Myanmar Spring Chronicle – December 23 Scenes
MoeMaKa, December 24 2022

A year after the massacre near Moso Village, Hpruso Township

 

On December 24 of last year, a total of 39 civilians, including young children, the elderly, and women, were shot and killed by military council troops and set on fire along with the cars they were riding in while they were fleeing the war between two villages. It was a tragic incident for the locals of Kayah state, who are mostly Christians, to lose so many lives on Christmas Eve, which is the most religious day of the year.

 

Since May last year, when the civil war was waging, that incident took place in December last year, when the battles in Kayah State, Sagaing Division, Chin State, northern Magway Division, Tanintharyi Division and Karen State were gradually escalating. After that incident, in comparison, the incident that killed about 30 villagers in Montaingpin Village of Sagaing Division also happened in May this year.

 

Looking at the incident in Hpruso Township, it is believed that the military council troops killed the victims, including children and women, on the pretext of accusing them of being supporters of the PDF armed forces, knowing that they were just civilians fleeing the war. This is not the first time that such war crimes have been committed during wars in Myanmar. There were numerous examples of what happened recently in Karen, Rakhine, and Shan states. Incidents of people being killed by an armed group when they turn against that group or being accused of being supporters of other armed groups are mostly committed by the military that has taken over the political power of the country. Sometimes, even the opposition’s armed groups have committed such acts in the history of Myanmar’s civil war.

 

The incidents committed against the Rohingya in Rakhine State are more than a civil war, but a genocide that has been carried out as a legal excuse to legitimize the killing by inciting hate speech that they are illegal immigrants from another country and of a different religion. This terrible genocide was committed by the Myanmar military, which is known as “Tatmadaw.” Now, after the military coup, they have been committing war crimes and killings under the pretext of being armed rioters, terrorists and assassins.

 

Here, the question may arise if there is a way to prevent the commission of war crimes.
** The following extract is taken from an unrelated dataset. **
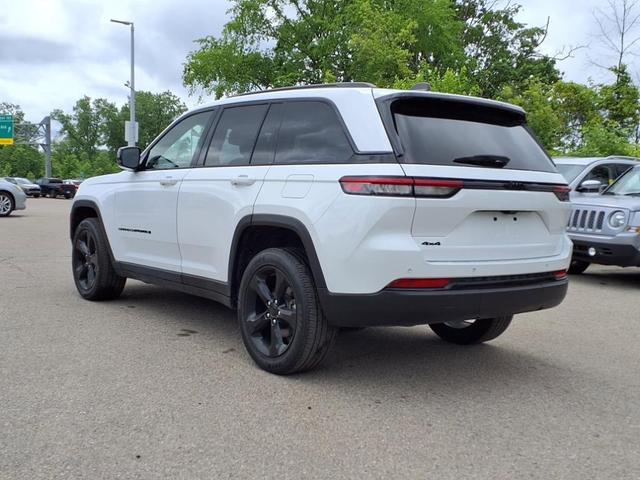 Photo of 2023 Bright White Clearcoat Jeep Grand Cherokee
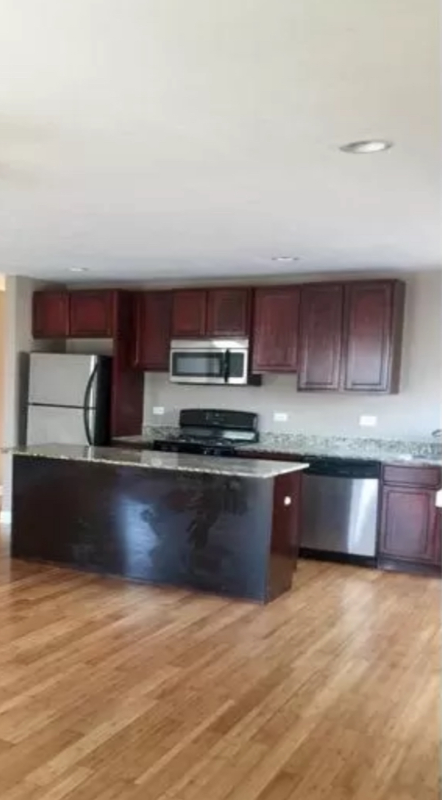 Foto del edificio - 6806 S Lafayette Ave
War crimes are committed by government organizations that are in control of power, but organizations that are armed even though they are not in power are more or less likely to commit crimes.

 

The armed organization holding power is committing crimes more systematically than the armed organization without power. They frequently erase the traces of the crimes they committed by erasing evidence and relocating the perpetrators from the scene of the crime to other locations. In this way, they used to make these war crimes and killings to be obscured and the information to not be disclosed and leaked. In the digital era, individual recorded images and videos are evidence that, sometimes unintentionally leak and reveal the identity of the perpetrators of mass killings. The incident in Montaingpin Village is an example of such an incident. Although not a massacre, the video of some PDF members allegedly killing a woman in Tamu town for being an informant is similar to the above incident.

It will be necessary to disclose the evidence of such crimes and to inform and make their members obey the moral laws of war and the rules that will be applied to civilians as the armed organization. Rather than being unaware of such information, the military council is using it as a tactic to discourage the public from supporting one side in the ongoing armed conflict.